__Work to complete__
Given the material below, output exactly the lines from the line with "marked, tags removed." to the line with "Newbury Street Blush", both ends included, and no other lines.

::::

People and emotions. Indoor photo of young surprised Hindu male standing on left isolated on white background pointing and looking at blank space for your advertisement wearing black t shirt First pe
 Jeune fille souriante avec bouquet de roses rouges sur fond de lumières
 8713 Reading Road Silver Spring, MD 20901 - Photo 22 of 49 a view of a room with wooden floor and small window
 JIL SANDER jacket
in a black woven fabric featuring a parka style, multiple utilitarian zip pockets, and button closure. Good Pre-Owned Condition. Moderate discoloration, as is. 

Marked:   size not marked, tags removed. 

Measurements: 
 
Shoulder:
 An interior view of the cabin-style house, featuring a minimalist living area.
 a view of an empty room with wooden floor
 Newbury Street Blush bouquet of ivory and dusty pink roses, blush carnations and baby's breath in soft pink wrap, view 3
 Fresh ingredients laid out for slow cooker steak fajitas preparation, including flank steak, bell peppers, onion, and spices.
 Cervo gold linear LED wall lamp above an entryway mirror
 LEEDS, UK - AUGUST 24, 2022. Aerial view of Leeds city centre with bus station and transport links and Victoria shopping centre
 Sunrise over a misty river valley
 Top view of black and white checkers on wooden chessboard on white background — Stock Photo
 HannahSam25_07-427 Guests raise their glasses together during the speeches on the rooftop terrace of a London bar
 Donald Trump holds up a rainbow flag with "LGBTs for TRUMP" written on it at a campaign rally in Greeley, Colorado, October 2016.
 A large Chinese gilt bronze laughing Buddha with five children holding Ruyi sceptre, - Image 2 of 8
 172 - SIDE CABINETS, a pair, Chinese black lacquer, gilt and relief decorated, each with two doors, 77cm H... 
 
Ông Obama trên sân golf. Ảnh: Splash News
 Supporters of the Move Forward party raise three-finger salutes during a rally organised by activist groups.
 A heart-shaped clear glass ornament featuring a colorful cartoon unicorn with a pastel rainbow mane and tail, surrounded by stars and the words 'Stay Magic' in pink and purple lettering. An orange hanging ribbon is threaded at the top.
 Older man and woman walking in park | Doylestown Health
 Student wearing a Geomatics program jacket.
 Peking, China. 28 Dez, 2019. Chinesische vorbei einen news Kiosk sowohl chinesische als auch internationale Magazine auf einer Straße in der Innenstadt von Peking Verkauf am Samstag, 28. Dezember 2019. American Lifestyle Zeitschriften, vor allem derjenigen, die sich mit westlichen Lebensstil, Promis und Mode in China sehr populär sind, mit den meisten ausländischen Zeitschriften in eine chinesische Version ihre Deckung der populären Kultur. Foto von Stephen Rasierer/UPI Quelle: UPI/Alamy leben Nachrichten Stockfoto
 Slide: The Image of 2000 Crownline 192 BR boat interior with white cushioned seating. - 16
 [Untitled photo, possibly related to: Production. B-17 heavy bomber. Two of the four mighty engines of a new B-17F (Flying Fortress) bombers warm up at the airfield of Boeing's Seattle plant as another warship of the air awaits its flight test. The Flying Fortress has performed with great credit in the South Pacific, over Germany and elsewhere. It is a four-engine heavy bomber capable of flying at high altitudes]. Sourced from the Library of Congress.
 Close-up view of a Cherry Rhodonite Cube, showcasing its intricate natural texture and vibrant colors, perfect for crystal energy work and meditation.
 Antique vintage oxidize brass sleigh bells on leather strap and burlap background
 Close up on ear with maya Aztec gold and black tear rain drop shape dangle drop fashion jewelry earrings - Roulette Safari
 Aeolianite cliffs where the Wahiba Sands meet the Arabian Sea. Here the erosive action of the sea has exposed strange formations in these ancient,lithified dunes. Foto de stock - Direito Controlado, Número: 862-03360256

::::

__Result of this exercise__
Marked:   size not marked, tags removed. 

Measurements: 
 
Shoulder:
 An interior view of the cabin-style house, featuring a minimalist living area.
 a view of an empty room with wooden floor
 Newbury Street Blush bouquet of ivory and dusty pink roses, blush carnations and baby's breath in soft pink wrap, view 3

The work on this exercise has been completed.